◆ Exercise directions
Using the data below, print exactly the line with "Fototapete Große Räder", the line with "Elegant Two-Tone Crystal Pave Watch", and every line between them, but none of the pictures.
··· Entries supplied ···
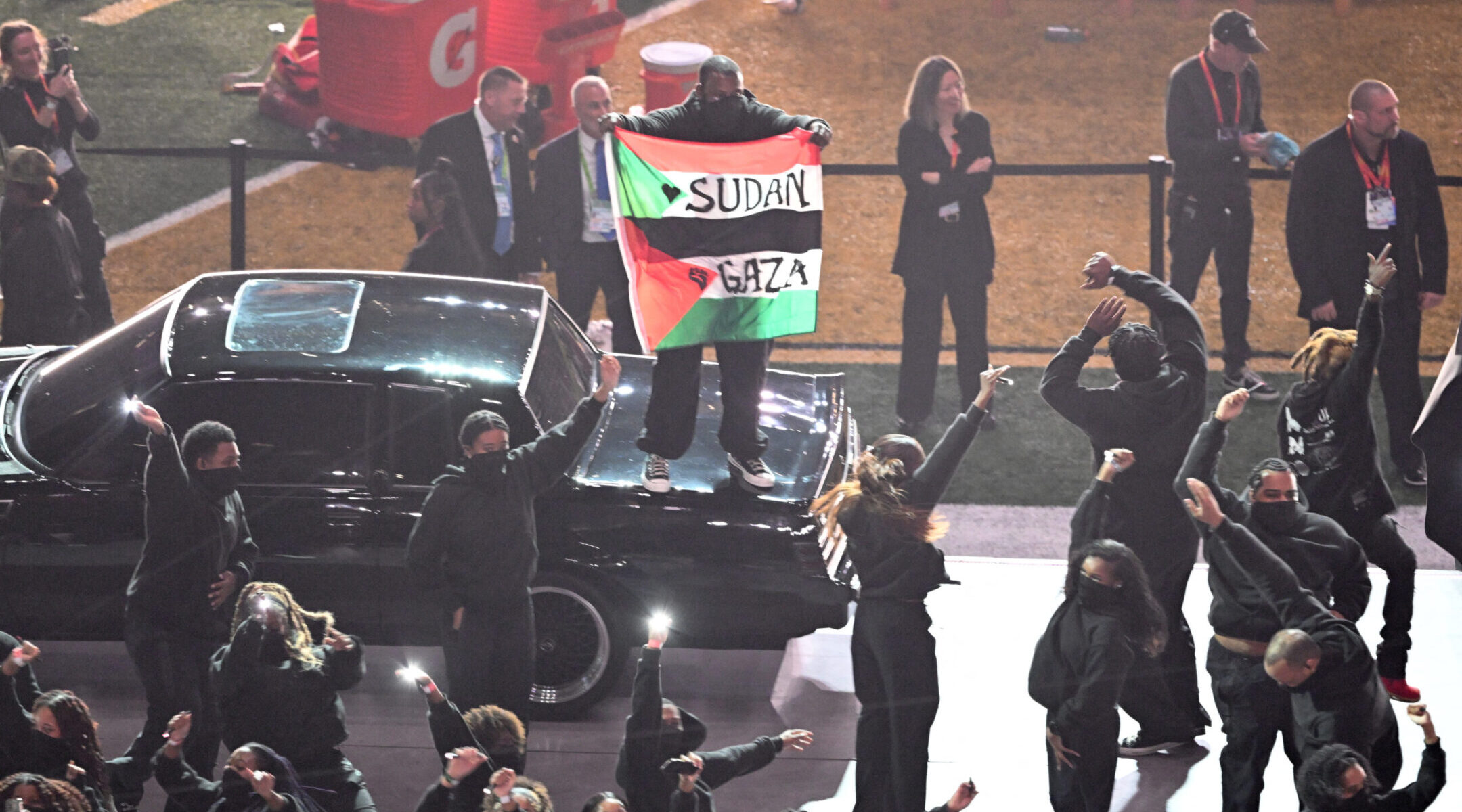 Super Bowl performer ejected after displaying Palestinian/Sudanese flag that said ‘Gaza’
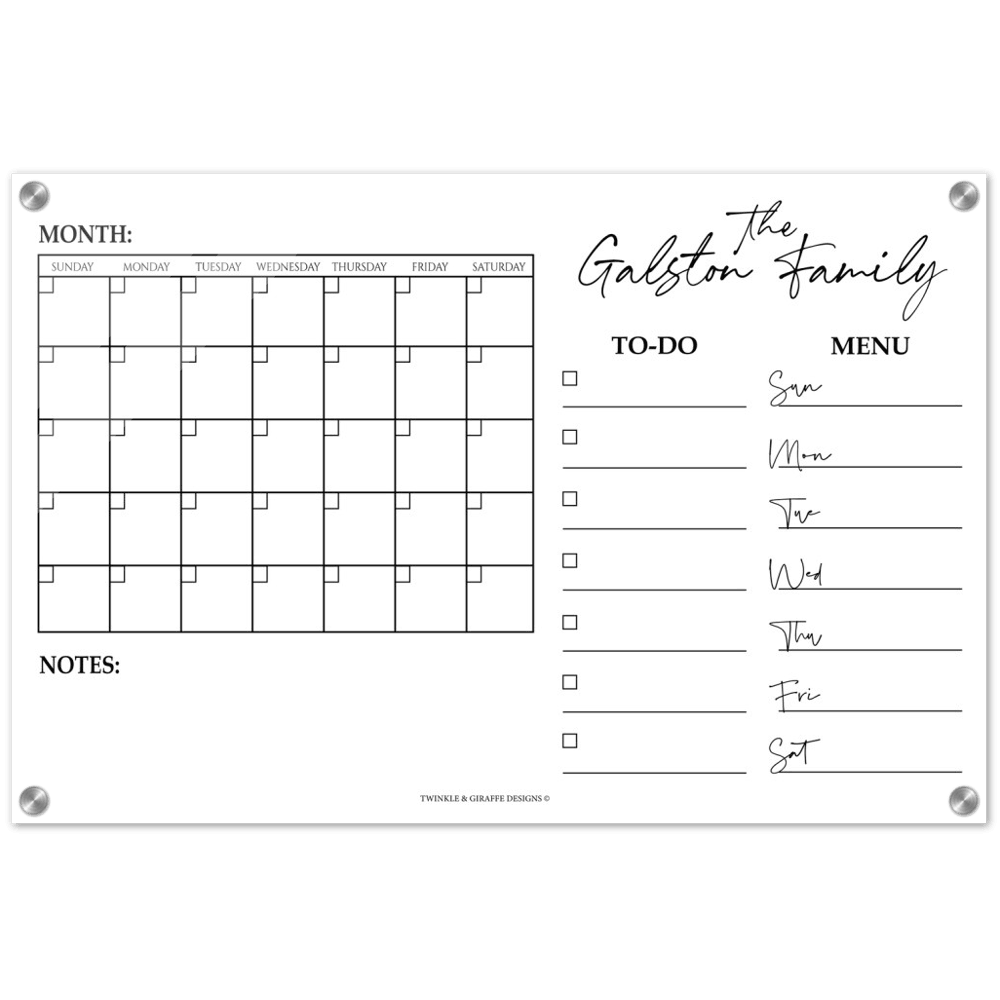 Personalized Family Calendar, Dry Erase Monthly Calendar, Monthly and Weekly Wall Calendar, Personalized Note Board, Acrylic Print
···
··· Entries supplied ···
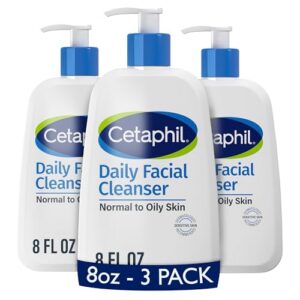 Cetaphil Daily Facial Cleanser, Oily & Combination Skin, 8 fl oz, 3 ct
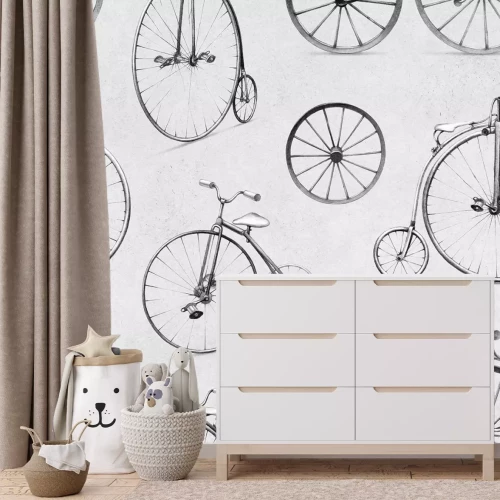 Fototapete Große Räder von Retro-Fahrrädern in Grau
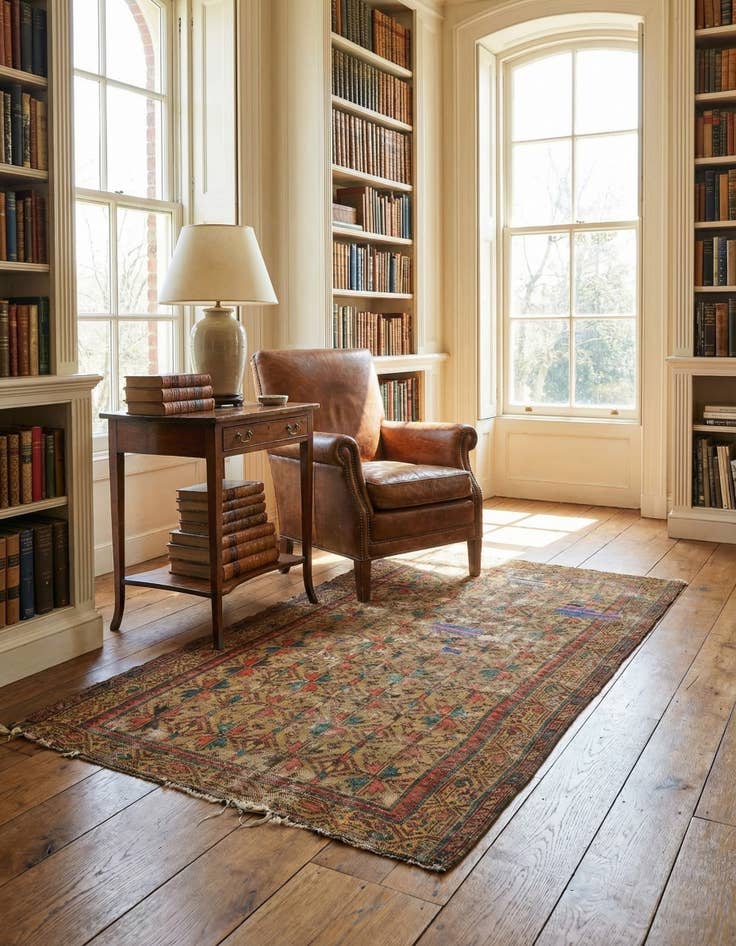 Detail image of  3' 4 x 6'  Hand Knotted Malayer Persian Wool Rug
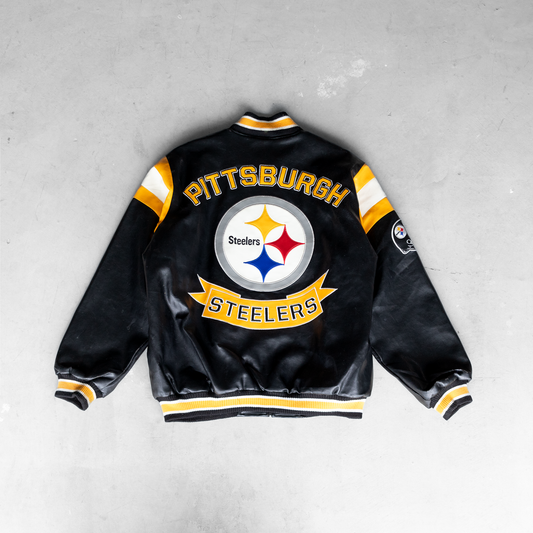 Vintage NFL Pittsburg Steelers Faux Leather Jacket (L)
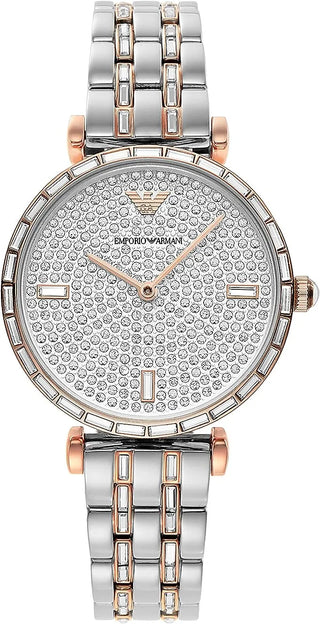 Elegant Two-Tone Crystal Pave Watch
···
◆ Answer
 Fototapete Große Räder von Retro-Fahrrädern in Grau
 Detail image of  3' 4 x 6'  Hand Knotted Malayer Persian Wool Rug
 Vintage NFL Pittsburg Steelers Faux Leather Jacket (L)
 Elegant Two-Tone Crystal Pave Watch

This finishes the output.